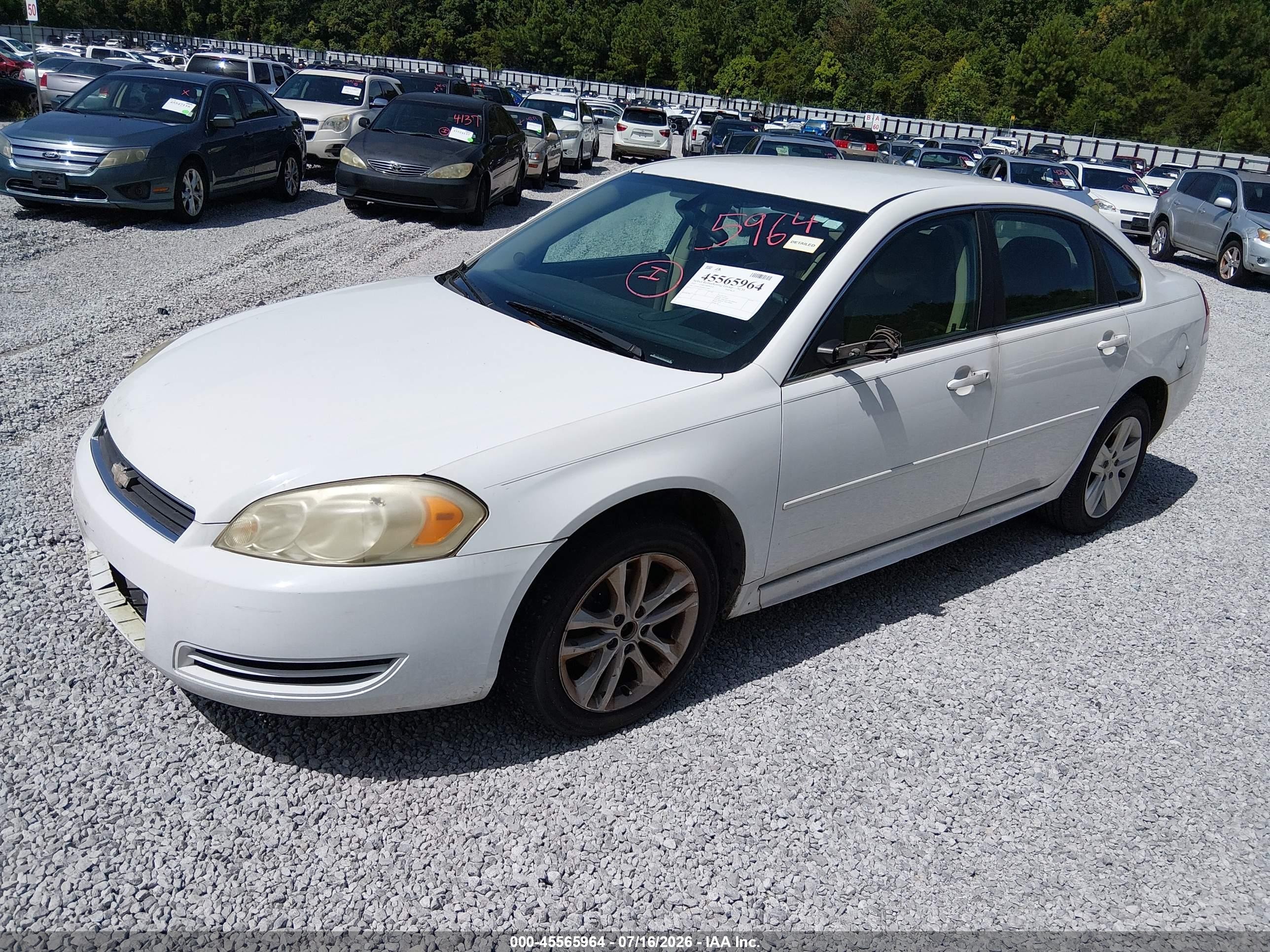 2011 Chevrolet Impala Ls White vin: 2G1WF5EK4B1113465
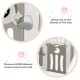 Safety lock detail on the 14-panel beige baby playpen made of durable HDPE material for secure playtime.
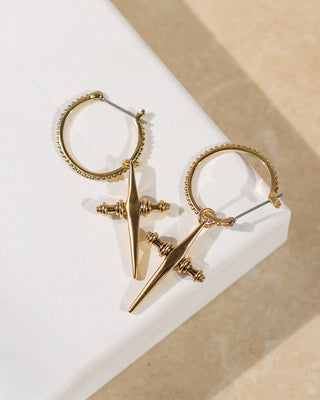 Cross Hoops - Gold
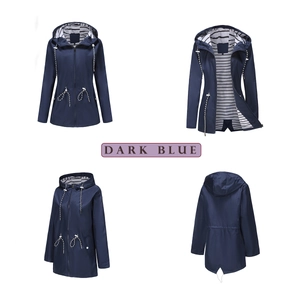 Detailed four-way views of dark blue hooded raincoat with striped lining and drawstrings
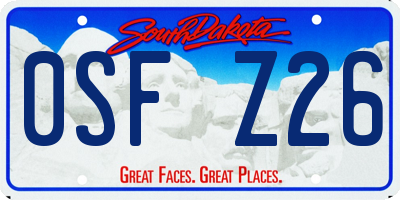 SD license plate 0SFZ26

#### TASK TO CARRY OUT
An exact copy of every entry, without pictures, should be your output.

#### YOUR RESPONSE
 2011 Chevrolet Impala Ls White vin: 2G1WF5EK4B1113465
 Safety lock detail on the 14-panel beige baby playpen made of durable HDPE material for secure playtime.
 Cross Hoops - Gold
 Detailed four-way views of dark blue hooded raincoat with striped lining and drawstrings
 SD license plate 0SFZ26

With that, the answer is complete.